It may be objected that if we propose to render Christianity tasteful, we are making a fatal concession. Not only are the things of the Spirit folly to those without it, but humanity loves darkness rather than light. It is dangerous to shift the accent from the true to the pleasing. Are we to emulate Schleiermacher’s attempt to commend Christianity to cultured despisers, and try to woo them with promises of a tasty infinite? Did not the doctrine of God became compromised


in Schleiermacher’s theology, being subordinated to the requirements of religious feeling, and the antithesis between sin and holiness become transmuted into the contrast between finite and infinite?[3] The well-informed will add that Schleiermacher was certainly not popular with Nietzsche and doubtless deserved what he got.

The basic point is well taken. There is plenty in Nietzsche that will not be remotely amenable to such a lure, and there are plenty influenced by him whose cold contempt for Christian faith will only be increased by a proposed move in the direction of ingratiation. For example, not even attention to detail, nuance, balance and subtlety in his statements should forbid us from emphasising Nietzsche’s hostility to pity. Apologetic access to the kind of confessed egoism and rejection of pity which is so characteristic of Nietzsche the author, whatever about Nietzsche the man—if this is what we are about—will not be gained by garnishing Christianity with the seductively tasteful. Indeed, apologetic access is generally difficult. What does one say to such a thing as the following?

I have looked in vain even for so much as one sympathetic trait in the New Testament; there is nothing free, benevolent, open-hearted, honest in it.[4]

We might, indeed, go back to the question of truth, giving up any attempt to appeal to the spirit of Christianity. But we also need to think beyond the category of Truth, or, at least, beyond the category as it is widely delimited. This returns us briefly to Schleiermacher.

One can understand why Schleiermacher (even if adjudged mistaken) could be appealing, compared to other proponents and presentations of Christianity. Here we need to go back to Augustine. Augustine had realised that Truth is worthy of worship only if it is also Beauty.[5] It was a point learned well by such medievals as


Bonaventure, but apparently lost in much post-Reformation thought. When Schleiermacher located the essence of religion in feeling rather than in knowing or doing, he struck out along a perilous path, but the implicit orientation towards beauty in this scheme of things should have reminded those theologians who had neglected their Jonathan Edwards, that Beauty is worth pondering, along with Truth and Goodness.[6] Roman Catholic thought, most notably in the shape of von Balthasar’s work, has freshly appropriated the theme in contemporary Christian thought; Orthodoxy has sought to sustain it formally in the liturgical practice which so constitutes its genius. But just a generation ago, Moltmann could comment that ‘Karl Barth was the only theologian in the continental Protestant tradition who has dared to call God beautiful’.[7]

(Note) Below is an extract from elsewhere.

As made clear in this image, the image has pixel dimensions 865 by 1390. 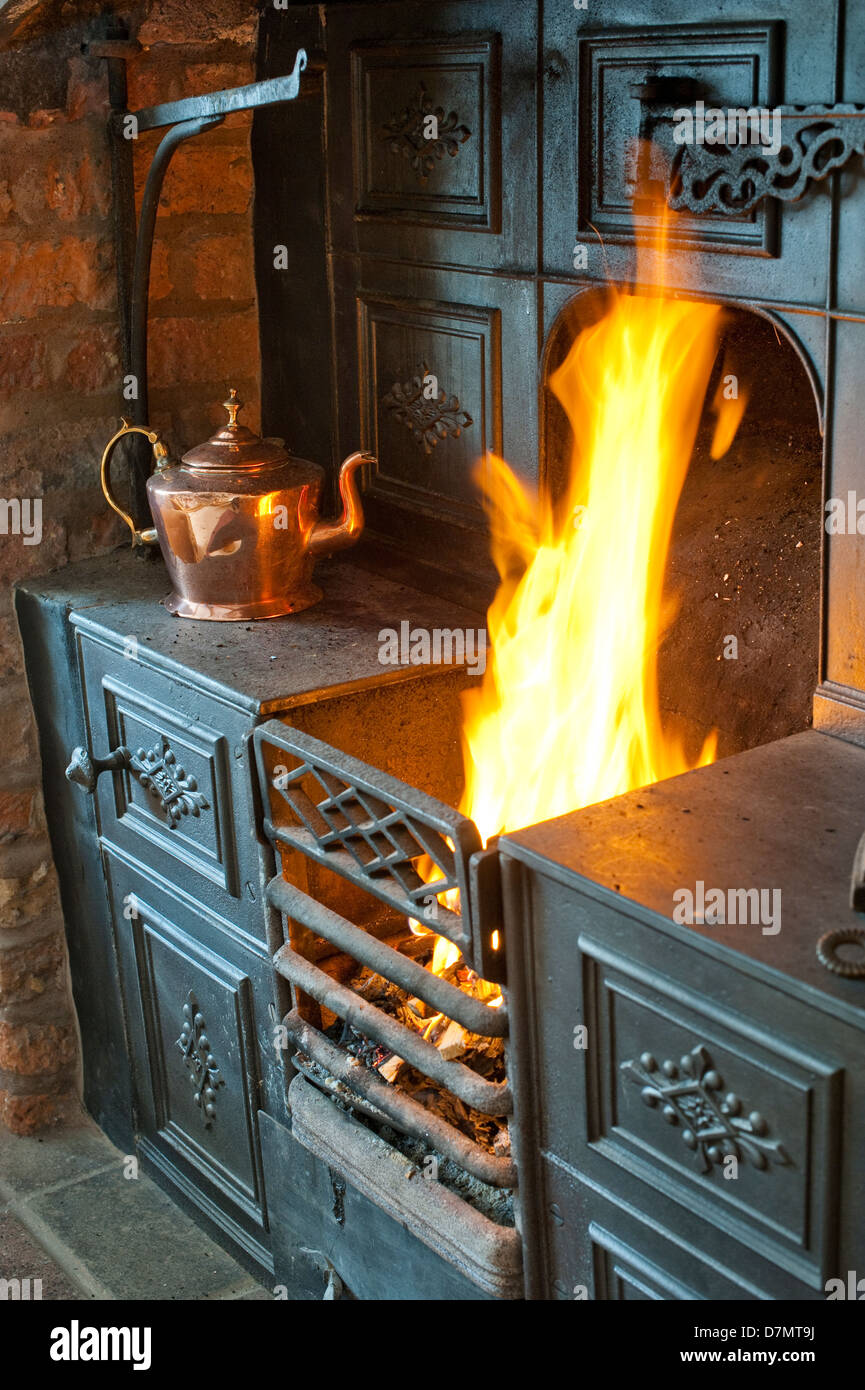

Even Barth, however, is sparing on this point, if it does not seem perverse to ascribe such a characteristic to the author of the Church Dogmatics.[8] Formally, the discussion of beauty is subsumed under the theme of divine glory. Barth holds that it is not a leading theological concept, or a primary motif in the understanding of God. ‘We speak of God’s beauty only in explanation of His glory. It is, therefore, a subordinate and auxiliary idea which enables us to achieve a specific clarification and emphasis.’ From this, Barth moves on to conclude on a related point re the theological task that ‘reflection and discussion of the aesthetics of theology can hardly be counted a legitimate and certainly not a necessary task of theology’. This conclusion, however, certainly needs to be challenged, for it presupposes a stable and not a contextual understanding of the


theological task. We may well need to say more about beauty and the associated theological task that Barth eschews may well be in place.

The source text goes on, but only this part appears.